This strand mat is multiple times thicker than the material thickness of the finished corrugated panel and customarily has a continuous thickness. It will be appreciated, that the strand mat or particle mat may have zones, where the mat thickness may vary and, that the pressed panel itself may also feature different regions with varying material thicknesses. Specifically, in areas which are in similar orientation but are not in the same plane as the front face 28 of the panel 12, the panel material thickness may increase, with increasing distance of said surface relative to the front face 28 of the panel 12, where the material thickness at front face 28 of the panel 12 might be slimmer than the material thickness at the back face 30 of the panel 12. Accordingly, the panels are organic-based composite structure that (is) maybe preformed before being pressed into a particular shape having the various inventive aspects described herein. It will be appreciated, that the panels could also be vacuum formed out of suitable thermoplastics, where the material thickness of the front face and the back face of the panel would be similar, but the material thickness of the sloped sidewalls would be less than the material thickness of the front most and rear most facing surfaces.

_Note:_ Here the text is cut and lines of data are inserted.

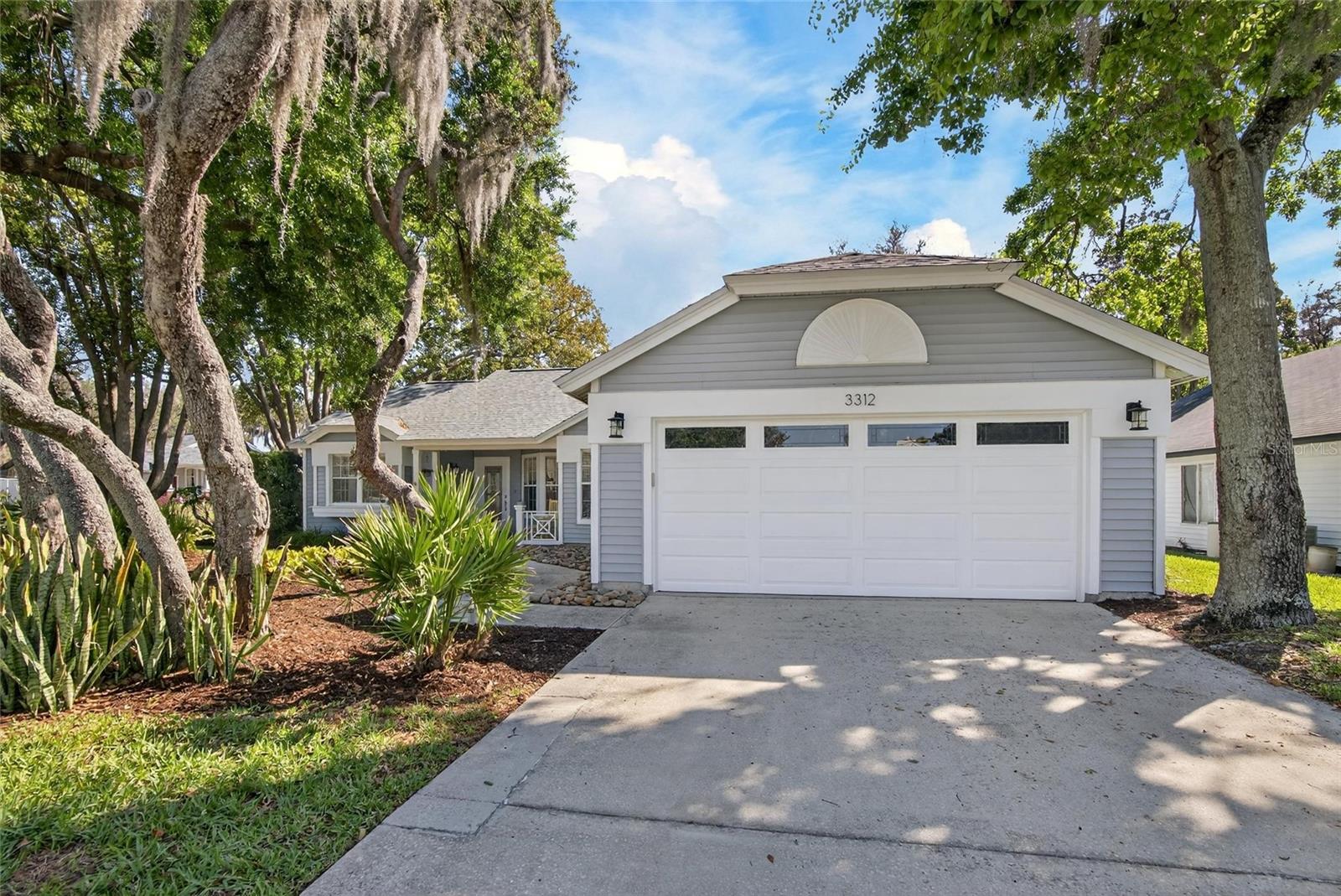 3312 SILVERPOND DR, PLANT CITY, FL, 33566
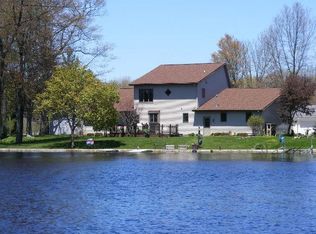 139 Frankie Ln, Cadillac, MI 49601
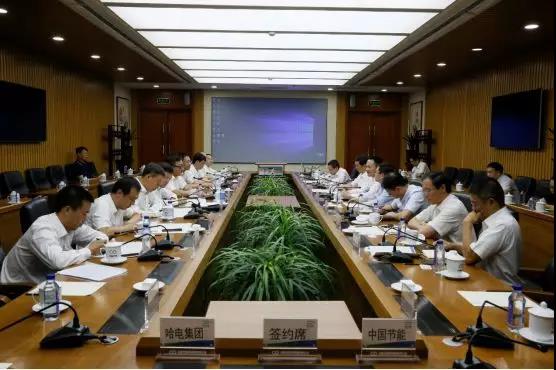 尊龙时凯·Z6(中国区)人生就是拼搏!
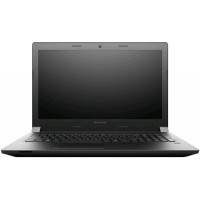 ноутбук Lenovo IdeaPad B5070G 59435823 Черный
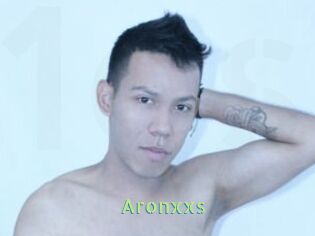 Aronxxs
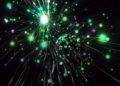 Científicos discrepan sobre  la quinta fuerza del universo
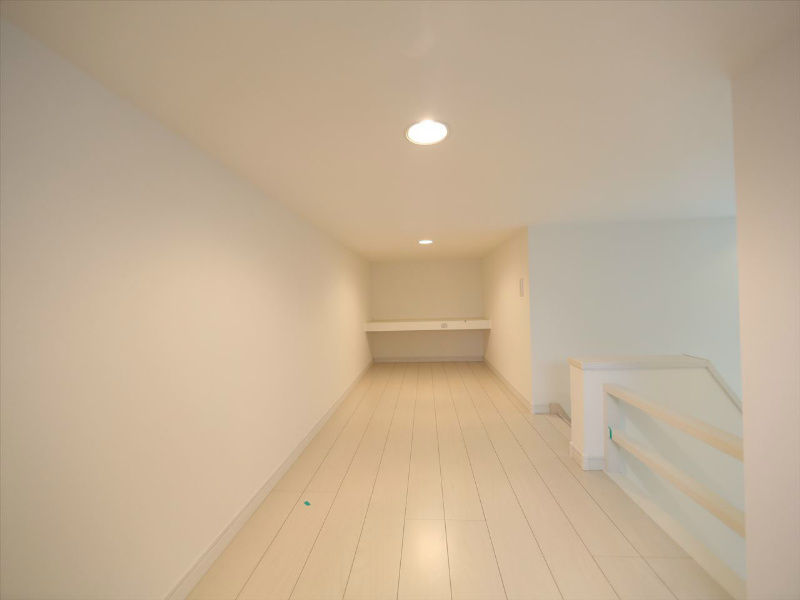 ｌｕｍｉｅｒｅⅣ その他部屋・スペース
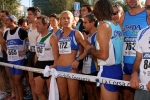 Filename=25_10_2009_Milano_Trofeo_Montestella_Roberto_Mandelli_0044.jpg
Filesize=209KiB
Dimensions=1024x683
Date added=Oct 25, 2009 25_10_2009_Milano_Trofeo_Montestella_Roberto_Mandelli_0044.jpg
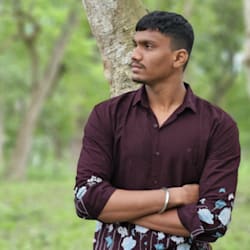 arunsheety11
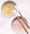 liftant visage Annie duo beaut�
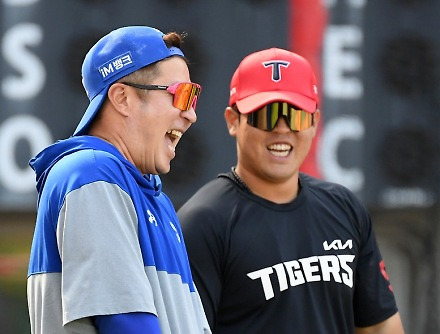 헤드라인 썸네일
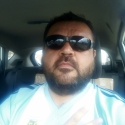 Gonzalo 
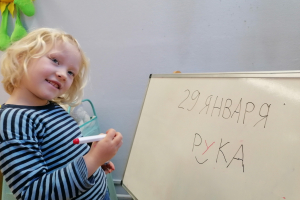 509431670 4192452207742354 1803062765971387103 N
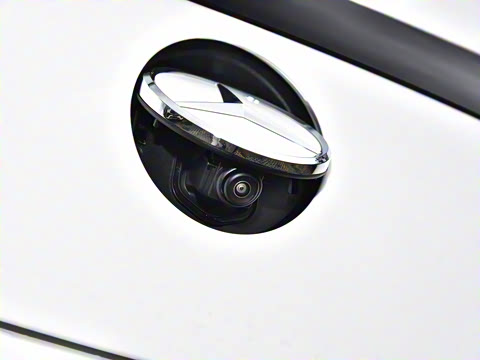 2026�� CLE 260 ������ܳ�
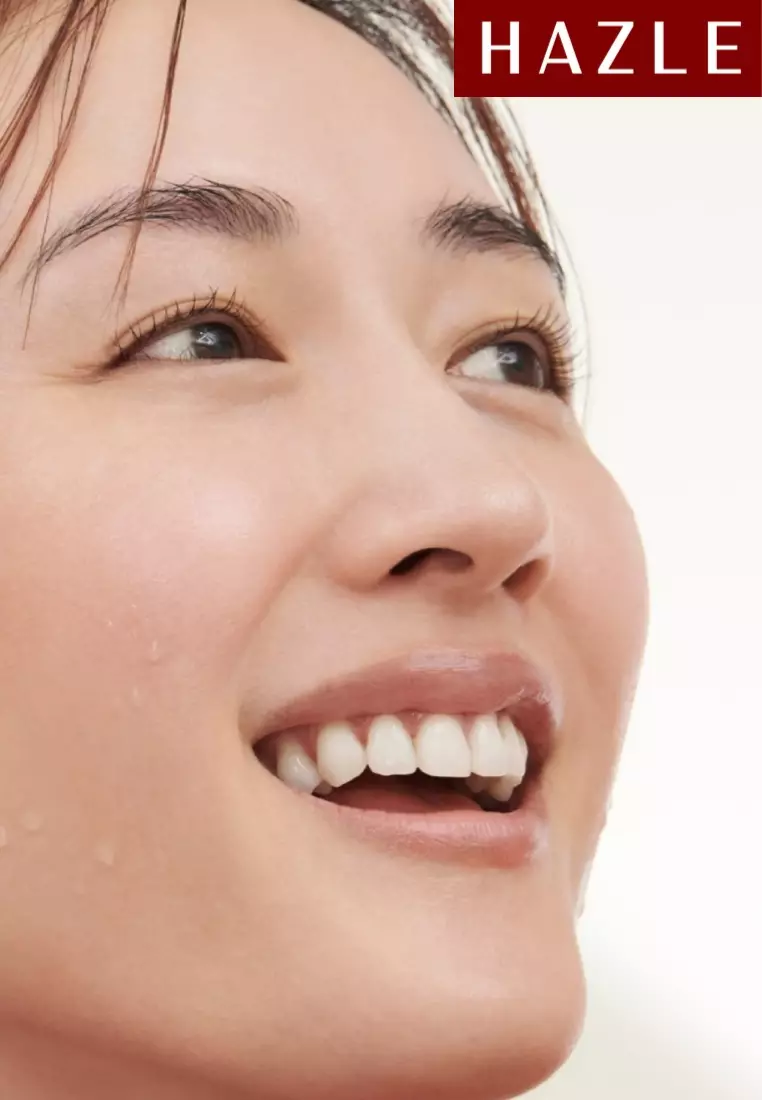 Atmosphere CC Cream SPF 50 PA++++ Woman 30 gr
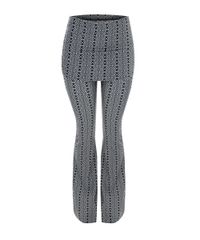 Calca-Flare-Estampada-Boho-Cia--Maritima-Branca-8481773-Branco_5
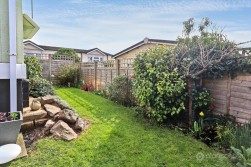 Mill Farm Park, Bulkington, CV12 9SE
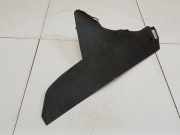 Innenausstattung Skoda Octavia, II 2004.02 - 2009.03 0010111390525,001 01 113 905 25 1Z1 863 046 A 1Z1863046A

The embodiments were chosen and described to best explain the principles of the invention and its practical application to persons who are skilled in the art. As various modifications could be made to the exemplary embodiments, as described above with reference to the corresponding illustrations, without departing from the scope of the invention, it is intended that all matter contained in the foregoing description and shown in the accompanying drawings shall be interpreted as illustrative rather than limiting. For example, although the panels have been described as they would be used as part of a wall system, it will be appreciated that the panels are structural and can be generally referred to as building panels and that they could also be used as floor panels. Thus, the breadth and scope of the present invention should not be limited by any of the above-described exemplary embodiments, but should be defined only in accordance with the following claims appended hereto and their equivalents.

Claims (27)

What is claimed is:

1. A wall system, comprising:

a panel comprising a front face, a back face, a top end, a bottom end and a pair of opposing side ends, wherein the top end and bottom end are spaced by a panel height, wherein the pair of opposing side ends are spaced by a panel width, and wherein the front face and the back face are spaced by a panel total thickness;

a longitudinal channel recessed a longitudinal channel depth from the front face of the panel, wherein the longitudinal channel spans the panel height between the top end and the bottom end;

a plurality of lateral channels recessed a lateral channel depth from the front face of the panel, wherein the lateral channels spans the panel width between the opposing side ends, wherein each of the longitudinal channel and the lateral channels further comprise a trough between a pair of opposing sidewalls spaced by a channel width, wherein the opposing sidewalls are comprised of opposing longitudinal sidewalls and opposing lateral sidewalls, wherein each of the sidewalls span the corresponding channel depth between a sidewall proximal end connected to the front face and a sidewall distal end connected to the respective trough, and wherein the front face is comprised of a flat surface bounded by the longitudinal channel and the lateral channels;

a first step recessed a step depth from the front face within each of the opposing sidewalls, wherein the step depth is less than one half the corresponding longitudinal channel depth, and wherein the step depth is less than five times a material thickness of the panel; and

a plurality of channel transitions between the longitudinal channel and the lateral channels, a plurality of proximal sidewall transitions between the respective proximal ends of each sidewall and the front face of the panel, and a plurality of distal sidewall transitions between the respective distal ends of each sidewall and the corresponding troughs, and wherein each of the channel transitions, the proximal sidewall transitions, and the distal sidewall transitions comprise a curved section devoid of a sharp corner.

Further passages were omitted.